For more details, see http://pandas.pydata.org/pandas-docs/stable/indexing.html

The general philosophy for accessing values inside a Pandas datastructure is that, unlike a numpy array that only allows to index using integers a Series allows to index with the values inside the index. That makes the code more readable.

### In a series

By default `[]` on a series accesses values using the index, not the location in the series.

In [None]:
s = pd.Series(range(5), index=list("abcde"))
s

In [None]:
s["d"]

So, what is the sea level rise in 1880?

In [None]:
# This index is non-trivial (will talk more about these datetime 
# objects further down):
full_globe_temp.index.dtype

To easily make a `Timestamp` object from a string, one can use the `pd.to_datetime()` function:

In [None]:
pd.to_datetime('1880')

In [None]:
# By default [] on a series accesses values using the index, 
# not the location in the series
print(full_globe_temp[pd.to_datetime('1880')])
# print(temp1[0])  # This would fail!!

In [None]:
# Another more explicit way to do the same thing is to use loc
print(full_globe_temp.loc[pd.to_datetime('1990')])
print(full_globe_temp.iloc[0], full_globe_temp.iloc[-1])

In [None]:
# Year of the last record?
full_globe_temp.index[-1]

Pandas datastructures are extensible, new records can be added:

In [None]:
full_globe_temp[pd.to_datetime('2011')] = np.nan

### In a dataframe

In 2D, same idea, though in a DF `[]` accesses columns (Series) instead.

In [None]:
giss_temp["Jan"]

To make more complete queries, `.loc` and `.iloc` should be used: they are faster and less ambiguous to access individual values, slices or masked selections:

In [None]:
giss_temp.loc[1979, "Dec"]

In [None]:
# Slicing can be done with .loc and .iloc
print(giss_temp.loc[1979, "Jan":"Jun"])  # Note that the end point is included unlike NumPy!!!
print(giss_temp.loc[1979, ::2])

Masking can also be used in one or more dimensions. For example, another way to grab every other month for the first year:

In [None]:
mask = [True, False] * 6
print(giss_temp.iloc[0, mask])
print(giss_temp.loc[1880, mask])

Just like a series, we could also add a new column like a new entry in a dictionary:

In [None]:
giss_temp["totals"] = giss_temp.sum(axis=1)
giss_temp

Let's remove this new column, we will learn to do this differently

In [None]:
giss_temp = giss_temp.drop("totals", axis=1)

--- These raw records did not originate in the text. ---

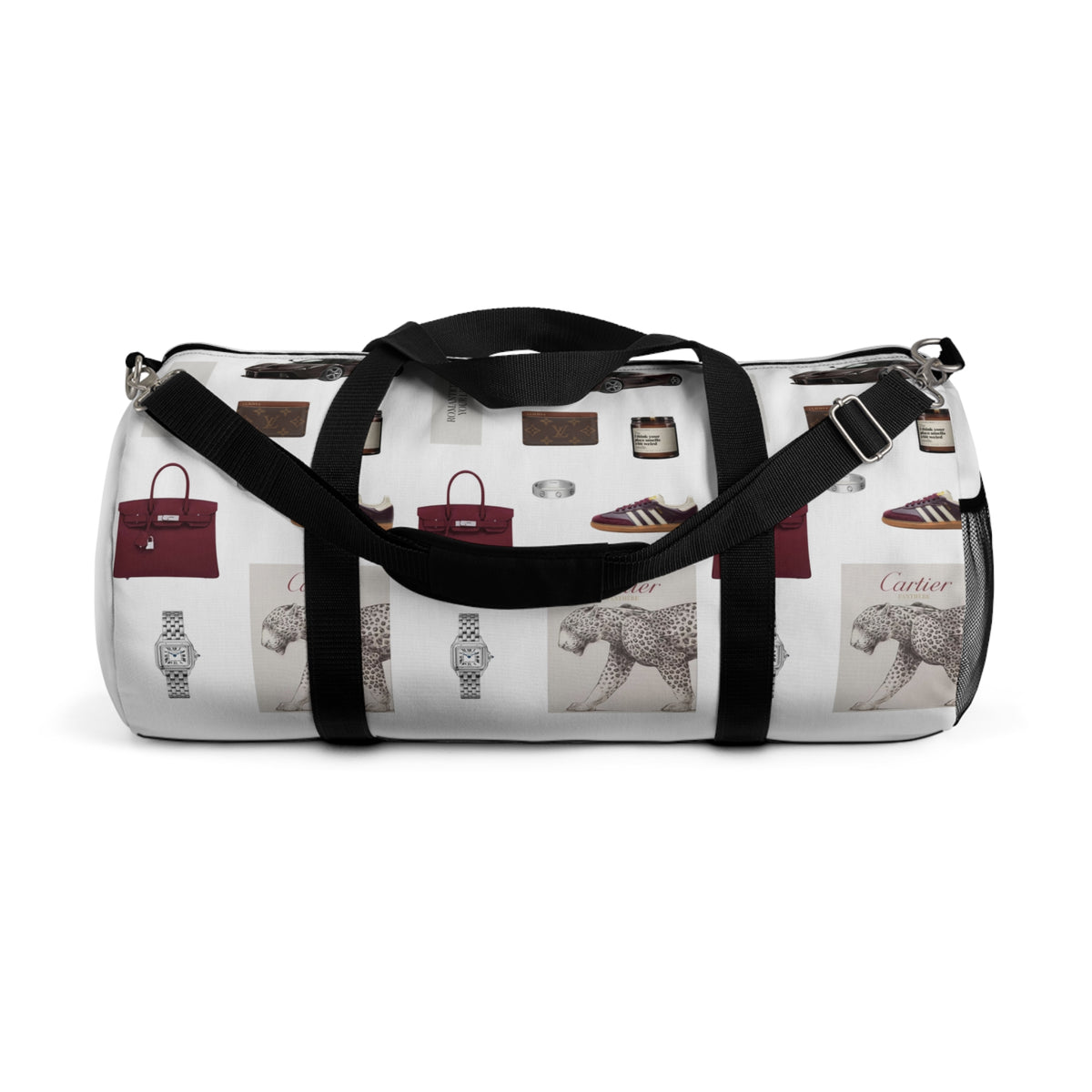 SAEVO Bordeaux Luxe Duffel Bag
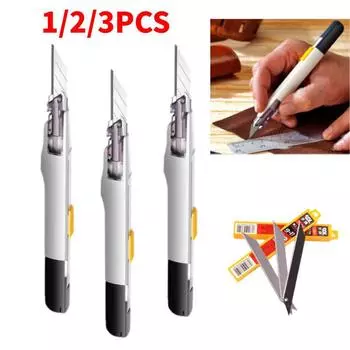 9-миллиметровый нож для коробок, 30-градусный, устойчивый к сотрясениям, самоблокирующийся нож для дома и офиса, отлично подходит для криволинейной резки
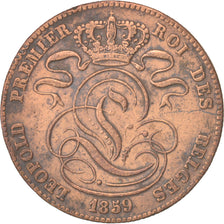 Belgium, Leopold I, 5 Centimes, 1859, VF(30-35), Copper, KM:5.1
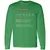 Army Veteran Long Sleeve T-Shirt - Irish Green - 10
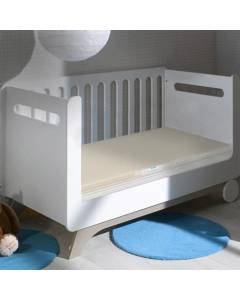 Matelas bébé déhoussable - MINEA - Mousse Haute Densité - Blanc - 70x140 cm - Anti-acarien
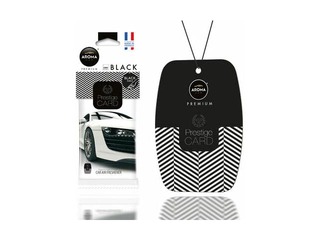 Auto gaisa atsvaidzinātājs Aroma Car, Prestige Cellulose, Black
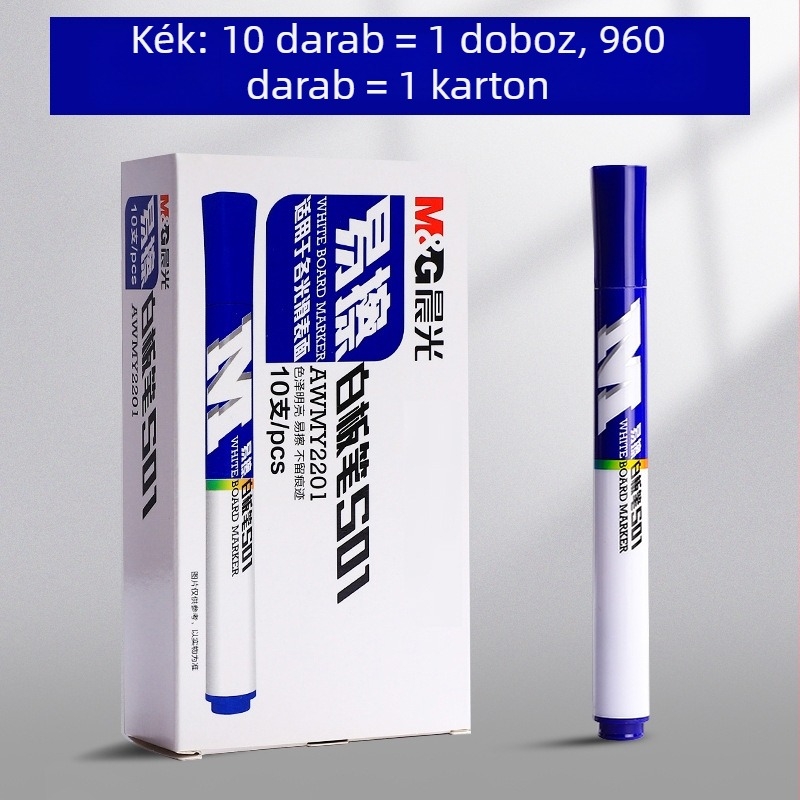 MG AWMY2201 Víz alapú fehér tábla marker, tanároknak, nagy kapacitású, könnyen törölhető, rajzoláshoz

More complex queries rely on the same concepts. For example what are the names, and IDs of the sea level stations in the USA?

In [None]:
local_sea_level_stations.columns

In [None]:
american_stations = local_sea_level_stations["Country"] == "USA"
american_stations

In [None]:
local_sea_level_stations.loc[american_stations, ["ID", "Station Name"]]

In [None]:
local_sea_level_stations

**EXERCISE:** What are the countries of the stations in latitudes above 60 and below -60. Print each country only once.

In [None]:
# Your code here

## 8. Working with dates and times

More details at http://pandas.pydata.org/pandas-docs/stable/timeseries.html

We parsed the dates to build the `full_globe_temp` Series. Let's see what that allows us to do.

In [None]:
# Its dtype is NumPy's new 'datetime64[ns]':
full_globe_temp.index

The advantage of having a real datetime index is that operations can be done efficiently on it. Let's add a flag to signal if the value is before or after the great depression's black Friday:

In [None]:
black_friday = pd.to_datetime('1929-10-29')
full_globe_temp.index > black_friday

### Timestamps or periods?

In [None]:
# Convert its index from timestamp to period: it is more meaningfull 
# since it was measured and averaged over the year...
full_globe_temp.index = full_globe_temp.index.to_period()
full_globe_temp

See also `to_timestamp` to conver back to timestamps and its `how` method to specify when inside the range to set the timestamp.

### Resampling

Another thing that can be done is to resample the series, downsample or upsample. Let's see the series converted to 10 year blocks or upscale to a monthly series:

In [None]:
# Frequencies can be specified as strings: "us", "ms", "S", 
# "T", "H", "D", "B", "W", "M", "A", "3min", "2h20", ...
# More aliases at http://pandas.pydata.org/pandas-docs/stable/timeseries.html#offset-aliases
full_globe_temp.resample("M").mean()

In [None]:
full_globe_temp.resample("10A").mean()

### Generating `DatetimeIndex` objects

The index for `giss_temp` isn't an instance of datetimes so we may want to generate such `DatetimeIndex` objects. This can be done with `date_range` and `period_range`:

In [None]:
# Can specify a start date and a number of values desired. By default 
# it will assume an interval of 1 day:
pd.date_range('1/1/1880', periods=4)

In [None]:
# Can also specify a start and a stop date, as well as a frequency
pd.date_range('1/1/1880', '1/1/2016', freq="A")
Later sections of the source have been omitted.